Peas & Love : cultiver son potager en ville n'a jamais été aussi simple

Pas besoin de vivre à la campagne pour profiter des bienfaits d'un potager. Pas besoin non plus d’avoir la main verte. Avec le nouveau concept de ferme urbaine entretenue, Peas & Love offre aux amoureux de la récolte le plaisir de cultiver leur jardin, en pleine ville, sans se soucier du reste …

Et le reste, c’est souvent ce qui nous décourage. Quels légumes semer? A quel moment? A quelle fréquence les arroser? Les questions que se posent les néophytes sont nombreuses. Même si l’enthousiasme est au rendez-vous, les résultats sont souvent décevants. " Ça fait vingt ans que je fais des potagers et que je les rate ", lance Jean-Patrick Scheepers, promoteur de Peas & Love. De cette frustration est née l’envie de lancer ce projet complètement fou mais absolument génial : des potagers collectifs entretenus. 

Réussite garantie à 100%

La première ferme urbaine entretenue a pris place sur le toit du comptoir privé Caméléon à Woluwe-Saint-Lambert à Bruxelles. Des professionnels sèment, repiquent, arrosent et entretiennent le potager. Grâce aux techniques et au savoir-faire de ces ingénieurs agronomes, le résultat est garanti. Les salades sont bien touffues, les fraises délicieusement sucrées et les innombrables herbes aromatiques donnent envie de se mettre aux fourneaux.

Déjà 200 fermiers urbains

Chaque semaine, deux-cent familles viennent cultiver leur parcelle de potager. Munies d’une paire de ciseaux, ces fermiers urbains ont le beau rôle : récolter ce que les pros du maraîchage ont semé pour eux! Le coût est raisonnable au vu des quantités récoltées : 30 euros par mois pour la location d’une parcelle. Somme à laquelle il faut ajouter une cotisation annuelle de 100 euros.

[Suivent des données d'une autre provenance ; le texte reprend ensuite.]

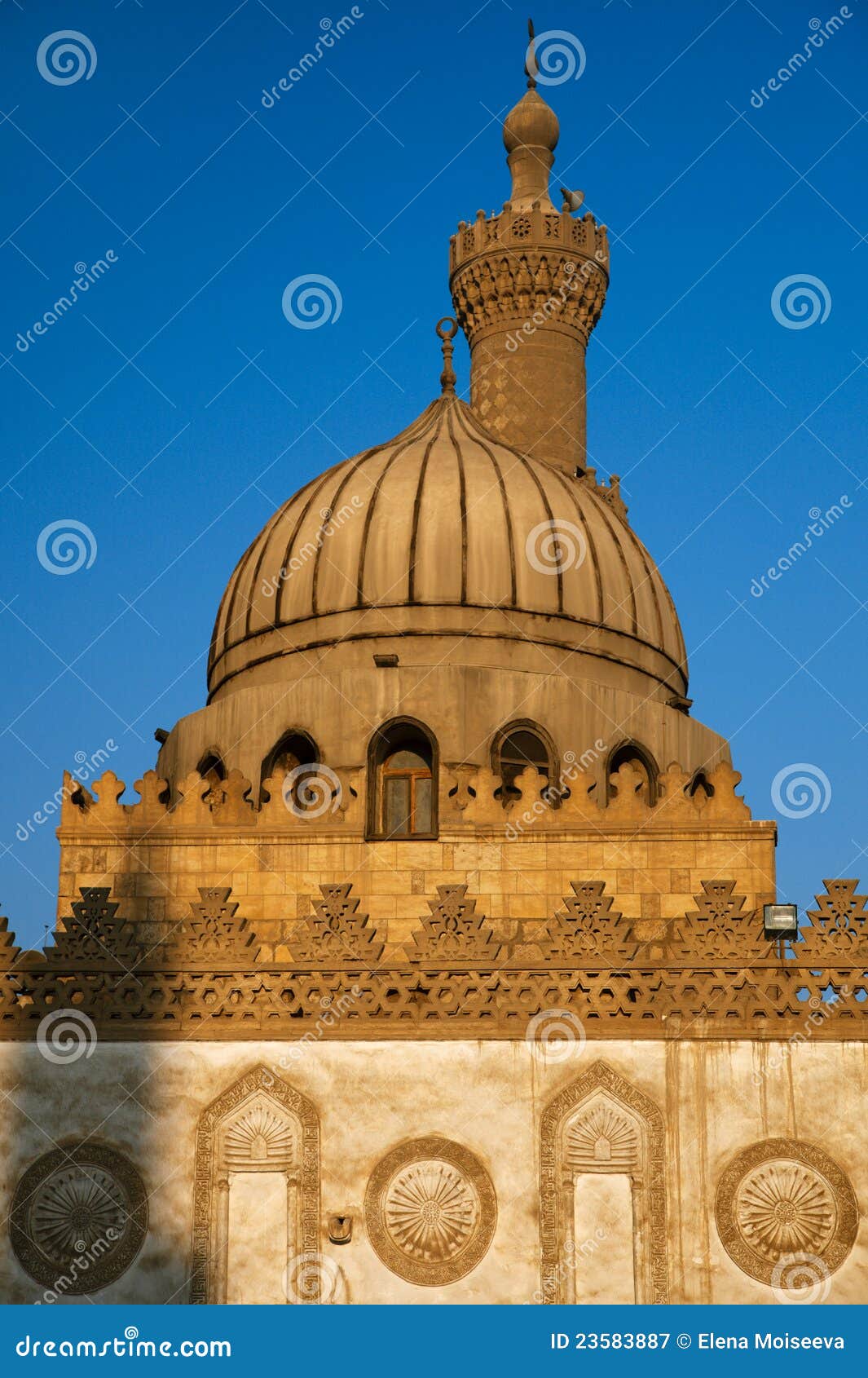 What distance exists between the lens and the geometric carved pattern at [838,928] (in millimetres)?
17000

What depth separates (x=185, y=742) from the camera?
22.5 meters

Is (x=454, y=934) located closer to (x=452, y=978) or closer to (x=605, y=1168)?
(x=452, y=978)

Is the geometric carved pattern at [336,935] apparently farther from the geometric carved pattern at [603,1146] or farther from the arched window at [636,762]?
the arched window at [636,762]

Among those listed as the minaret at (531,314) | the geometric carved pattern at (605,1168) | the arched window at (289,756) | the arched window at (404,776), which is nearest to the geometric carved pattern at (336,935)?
the geometric carved pattern at (605,1168)

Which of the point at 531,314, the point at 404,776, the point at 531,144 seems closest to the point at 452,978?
the point at 404,776

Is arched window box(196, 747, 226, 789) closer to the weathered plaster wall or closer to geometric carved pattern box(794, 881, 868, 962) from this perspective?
the weathered plaster wall

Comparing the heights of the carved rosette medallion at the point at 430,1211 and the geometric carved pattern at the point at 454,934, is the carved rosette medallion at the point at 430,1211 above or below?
below

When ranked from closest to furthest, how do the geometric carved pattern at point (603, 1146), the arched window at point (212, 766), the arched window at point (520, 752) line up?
1. the geometric carved pattern at point (603, 1146)
2. the arched window at point (520, 752)
3. the arched window at point (212, 766)

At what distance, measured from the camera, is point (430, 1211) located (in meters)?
16.5

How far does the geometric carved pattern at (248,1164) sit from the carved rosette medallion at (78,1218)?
0.48 m

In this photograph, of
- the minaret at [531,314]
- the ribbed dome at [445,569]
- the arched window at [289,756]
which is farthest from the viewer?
the minaret at [531,314]

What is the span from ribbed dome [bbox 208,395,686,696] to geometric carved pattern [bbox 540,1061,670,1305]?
21.7 feet

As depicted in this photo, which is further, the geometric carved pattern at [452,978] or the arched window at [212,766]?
the arched window at [212,766]

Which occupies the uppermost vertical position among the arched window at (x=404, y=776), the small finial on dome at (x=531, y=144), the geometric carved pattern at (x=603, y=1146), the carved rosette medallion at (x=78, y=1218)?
the small finial on dome at (x=531, y=144) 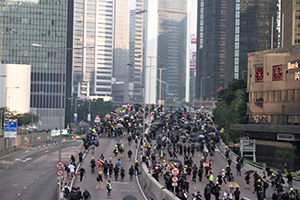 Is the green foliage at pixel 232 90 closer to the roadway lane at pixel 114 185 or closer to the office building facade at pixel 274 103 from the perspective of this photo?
the office building facade at pixel 274 103

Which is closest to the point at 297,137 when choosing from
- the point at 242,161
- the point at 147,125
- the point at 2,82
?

Coloniser les toits de Bruxelles pour en faire des potagers

" L’objectif est d’utiliser les toits de la ville pour les transformer en fermes urbaines ", précise Jean-Patrick Scheepers. Ces espaces ne manquent pas. Supermarchés, immeubles, administrations, banques, Bruxelles offre de nombreux espaces sur les toits. Pourquoi ne pas les coloniser pour faire revenir la nature dans la ville? " On aimerait créer une ferme urbaine à Uccle ou Ixelles mais ce n’est pas évident car le toit du bâtiment doit être suffisamment solide pour supporter le poids d’un potager vertical ", conclut l’entrepreneur à la main verte.